# Stuck and confused and sad and...



## SoSadandConfused (Dec 27, 2010)

I'm relatively new to these boards. But I can't tell you how gratifying it is to read about those who are going through similar problems as I am. I have been living the past two years in a personal hell and am confused about what my next step should be.
I first found out my husband was lying to me about where he was going - making plans to meet another woman. He stopped that relationship before it really started. Then a year ago I bugged his phone and computer and found another EA going on that included sexting. I forgave and moved on. 
My most recent hell started in November. I had seen a particular phone number keep coming up on the cell phone bill plus he was exhibiting the same suspicious behavior as before. This number had been showing up for at least 9 months. I accidentally log into his facebook account instead of my own and stumble upon a chat that he and OW are having (while sitting next to me). I copy and paste the chat into my email account and use it to confront him in person while he is meeting the OW. He swears to me that it is over, that it was a one night mistake made by friends. We spend a couple of weeks trying to get back to ourselves. I get a message from the OW's husband. We begin to talk and I find out that nothing has stopped. That they had sex in her house with her husband there! She and I begin having conversations where I find out that this PA has been going on for at least 9 months. That he had lied to her as much as he had lied to me.
The lies seem to never end. He does not know that the OW and I are communicating. There seems to be a 3rd woman involved as well.
I am in a constant state of confusion. He will tell me he loves me - and really makes me believe it. Then I find out later that he is turning around and telling her the same thing. It's like my heart is telling me that I still love him - but my head (and the few friends I have talked to) tell me to get a divorce. I have a counseling appointment set up in a couple of weeks - but this is so hard. We have been together for 15 years, married for 12, and have 2 kids. We are financially in a hole and I only work part-time for now.
Somebody help me... I don't know what to do, what to think, who to believe. This stress is affecting me physically too...


----------



## 827Aug (Apr 27, 2008)

Sorry you are having to deal with a lair and a cheater. It seems to be habitual, so it's time for you to stand your ground. Is the OW angry with him as well? Or is she merely hoping you will give him up? No doubt it's time to confront him. 
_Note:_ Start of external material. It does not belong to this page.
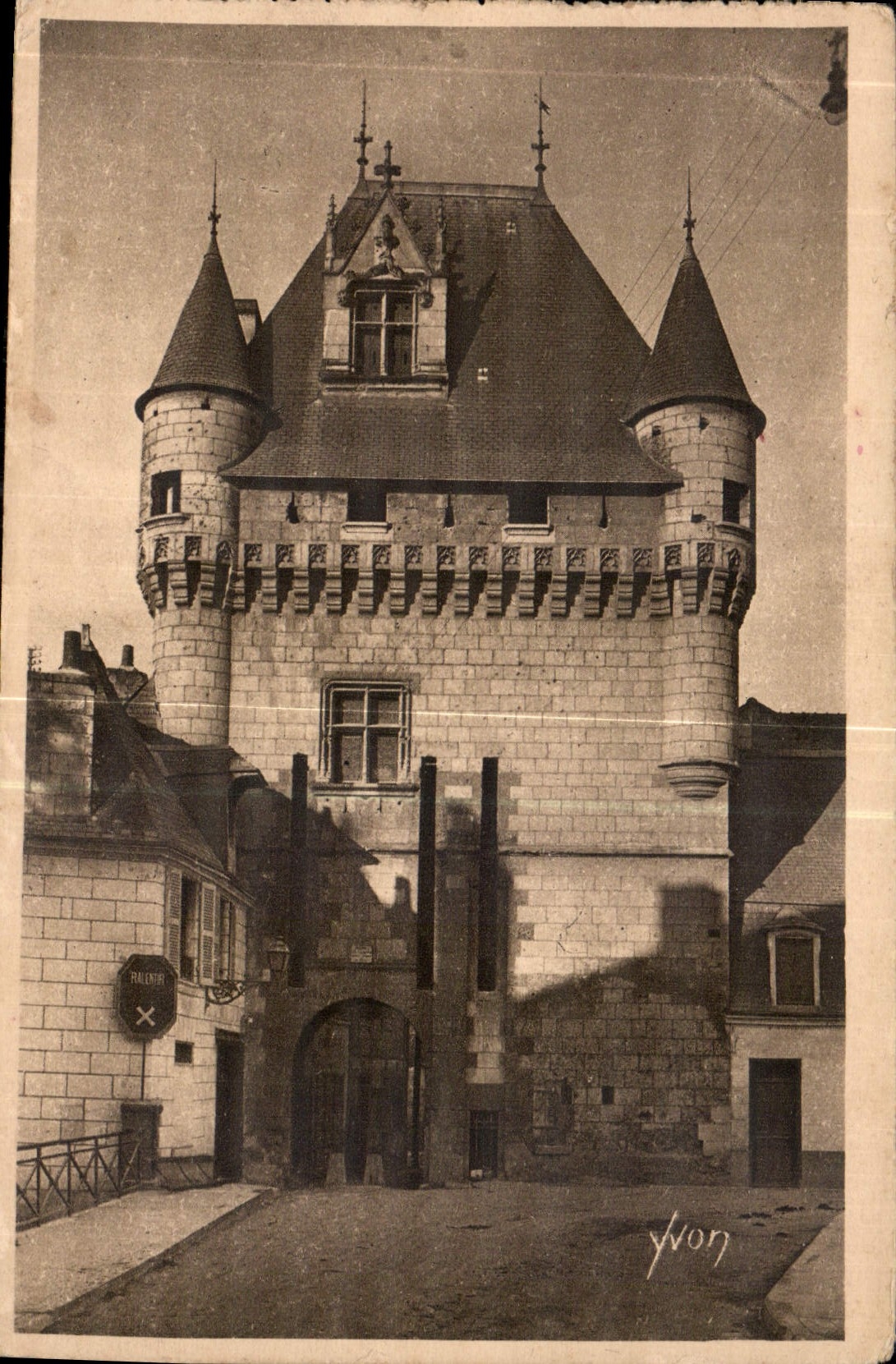 CPA Chateaux de la Loire Chateau de loches la Porte des Cordeliers Tour feodale du XV siecle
Here's the link to a website which you might find useful before you confront your husband. AffairCare Home 

Counseling is a great option for you at this point as well. I wish you could get an appointment sooner.


----------



## Workingitout (Sep 27, 2010)

Consider the possibility that he is sick. That he has a love/sex addiction and could get help to overcome this behavior. If this is the case and he is willing to admit it and give up the behavior to keep his marriage, then you might consider staying. He may have depression or be using substances (alcohol, pot, pills) that are causing him to behave inappropriately. Goodluck.


----------